In my review posted on Amazon.co.uk, I gave the book a 4 Stars rating. This means it is Good to Very Good.

Here is my book review.

Better than their first book but more to do

I took a risk buying this book because I only gave the original book 2 stars – 3 for the content with a star deducted for the formatting which made the kindle version hard to read.

The core idea is that much of what is done in organisations to drive improvement is nothing but a distracting waste of time, effort and money. This is the “decorating the fish” which I’ve heard previously referred to as “putting lipstick on a pig”.

This makes a lot of sense to me with my background in studying the Theory of Constraints. Eli Goldratt’s teaches that an improvement anywhere other than the constraint, is an illusion.

This book takes a more detailed look at the actions that are taken that only decorate the fish and explains why.

It’s therefore a guide to “what not to do”.

The authors say you should read this as well as the first book. I don’t feel that is necessary since I had returned it for my money back.

This is much better and the kindle formatting is fine except for the lead page each new section where the writing is tiny. It is interesting and most of the examples clearly explain why the actions won’t be effective. I did get lost in several because of unfamiliar acronyms from America.

However I still don’t feel the book is getting to the core of the issue. Managers have problems to solve and opportunities to chase. They need guidance on what to do to make positive progress.

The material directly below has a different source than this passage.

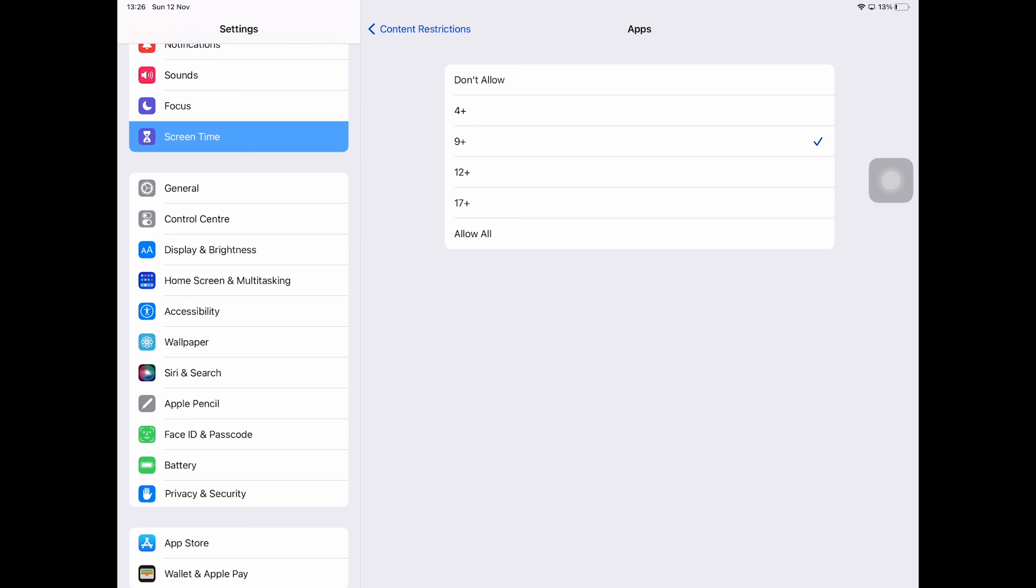So your best bet to block the YouTube app is to set the setting here to 4+ or 9+. It's really a pity that Apple did not yet introduce a feature to just let you block one single app. For example, it just can't be done.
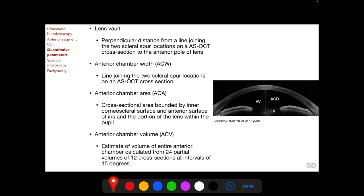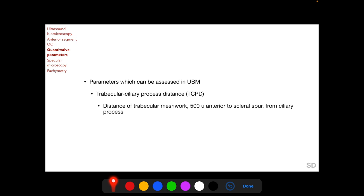Anterior chamber width (ACW) is the length of the line joining the two scleral spur locations on an AS-OCT scan. Anterior chamber area (ACA) is the area bounded by the inner corneoscleral surface, anterior iris surface, and anterior crystalline lens surface within the pupil. Anterior chamber volume is estimated from 24 partial volumes along 12 OCT cross-sections at 15-degree intervals. A parameter measurable only by UBM is the trabecular–ciliary process distance (TCPD), the distance from the trabecular meshwork 500 microns anterior to the scleral spur to the ciliary process — unmeasurable by OCT because the ciliary process lies behind the iris.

Towards the end of each section, there is a short tip on how to take the right actions to avoid the particular decorating the fish problem but I don’t feel this is enough.

The sections then end with a series of questions to help you audit whether the proposed solution is likely to succeed or is decorating the fish. Again this is useful but, even better would be questions about the problem that direct you towards the effective solutions.

There is a lot to like about this book and it will certainly make you reflect on past actions that didn’t go to plan.

Sadly it’s not enough. I’m giving it four stars as it’s well worth a read but I encourage the authors to address how you analyse the visible symptoms and trace them back to the core problem and then move forward into designing effective solutions.

I urge you to learn a critical thinking process, even if it’s only a rehash of the tools that were used in the 1980s total quality programs like cause and effect analysis and the five why’s.